Although I was raised in church and was filled with the Holy Ghost and spoke in tongues, I could not reconcile my sexuality with what I had been taught in the church. I quit going to church and fell into a promiscuous lifestyle.
I had very low self-esteem and very little self-control. Although I "settled" into a troubled relationship, I could not be faithful to my spouse. After I was confronted by my spouse, I agreed to see a psychologist. Then I began to attend Sex Addicts Anonymous meetings. After a year or so and some success, I still felt miserable and I quit both. The success didn't last long and I had relapse after relapse. I was in torment and I couldn't quit.

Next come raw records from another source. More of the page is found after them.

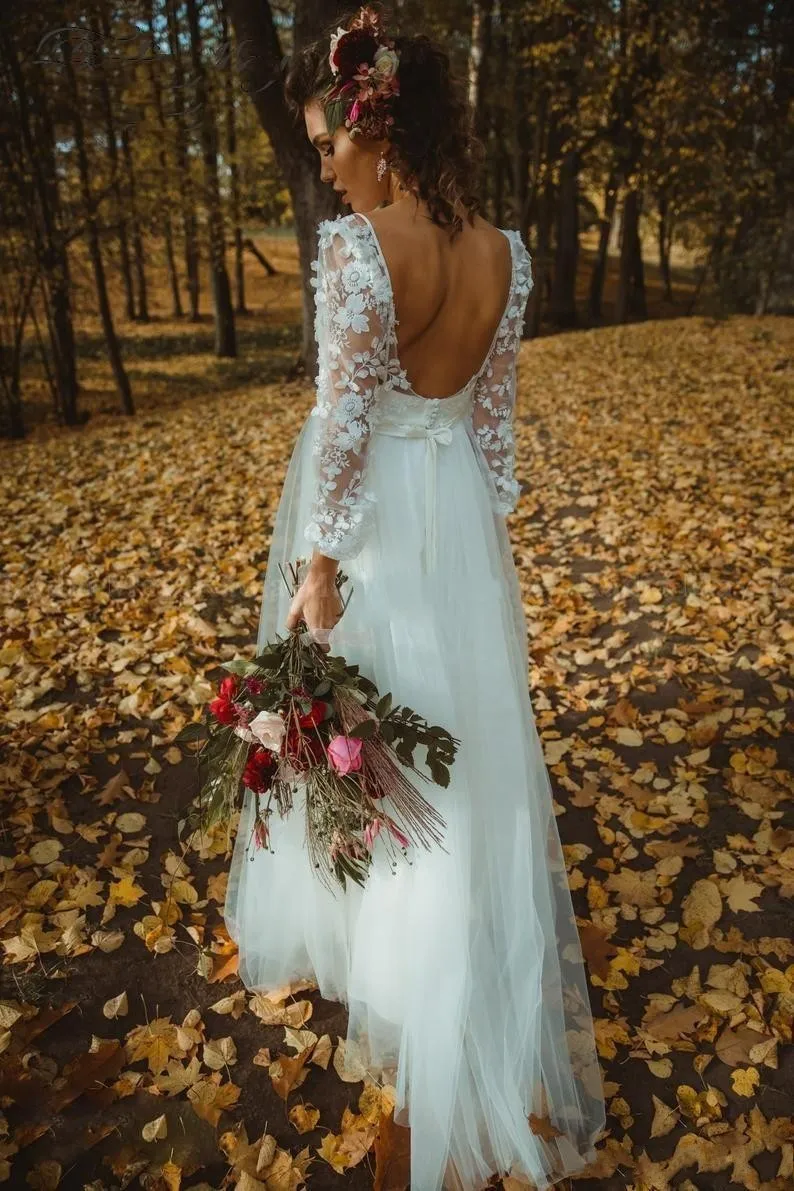 E JUE SHUNG Country Backless Wedding Dresses Illusion Long Sleeves Scoop Neck Bow Lace Appliques Wedding Gowns vestido de noiva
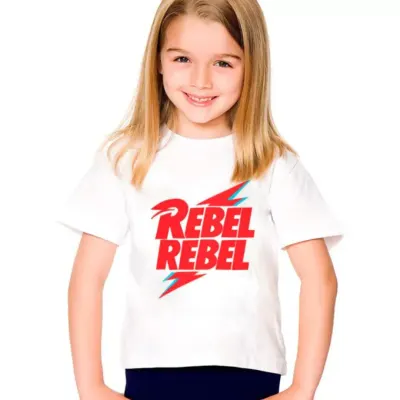 Camiseta David Bowie, estampa Rebel rebel, 100% algodão - artesanato de Lado B Rock Camisetas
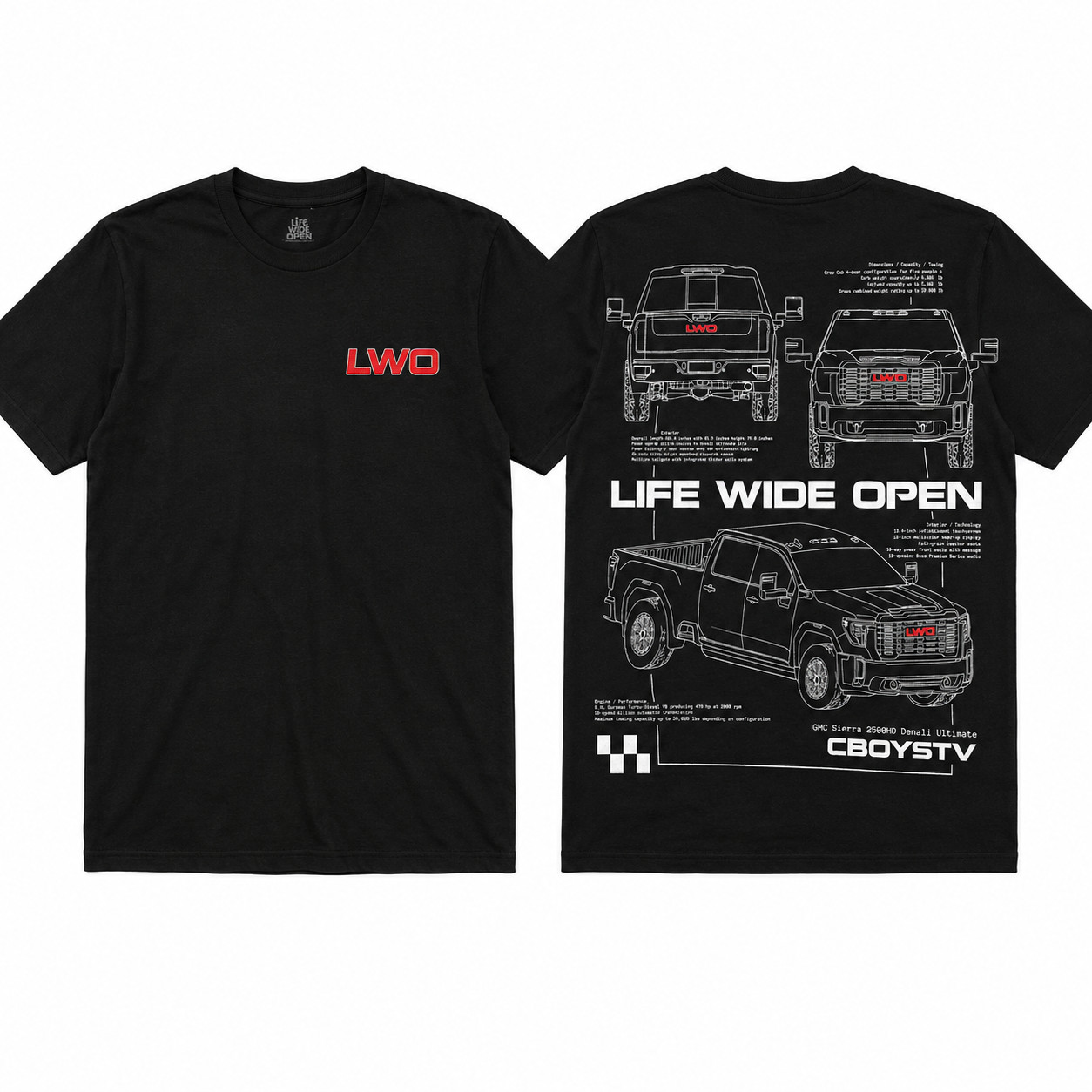CboysTV Life Wide Open GMC Sierra 2500HD Denali Ultimate T-Shirt X-Large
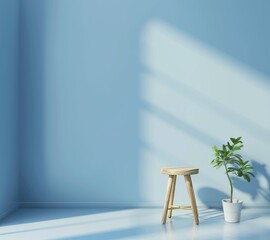 Wall Mural - Blue mock up background of a living room interior with a chair and plant, 3D render of an empty living room with a plant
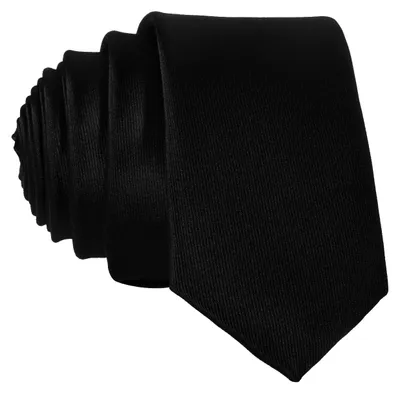 Produktbild von DonDon schmale schwarze Krawatte 5 cm glänzend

Because of my addiction, I could find no happiness in any aspect of my life. I was miserable in my relationship with my spouse, I was unhappy with my job, and I didn't know what to do with my life. I was searching for meaning and for purpose in my life, but none of my plans seemed right. Whenever I had a sexual encounter with a trick (mostly anonymous), I would walk away feeling empty and powerless, wondering why I couldn't stop, and praying to God to help me somehow. I was about to bottom out, and I was beginning to feel desperate.
Then God sent me a messenger. God sent him to a meeting upstairs at Chuck's, a gay bar in Chattanooga. When he stood up to speak about Hope For All Ministries, I felt something I hadn't felt in years: the Holy Spirit speaking to me. After the meeting, I spoke to him and he gave me his card and told me to call him if I wanted to talk. After several days, I got up the nerve to call him and arranged to talk with him. I was so nervous when we finally talked. I remember very little of what we talked about except that while he talked, God was also speaking to my heart. It seems that he mentioned Jesus being at the door to my heart and I realized that this was what I had been looking for. In my mind, I said to God, "I give up. You can have me as I am." Instantly, I felt peace, light, and joy begin to fill me as my sins were washed away. My shame and guilt vanished. I was finally free of the addiction and the torment that had afflicted me for years.
I thank God for loving me so much that he sent Brother Randy to a bar to be a witness to me.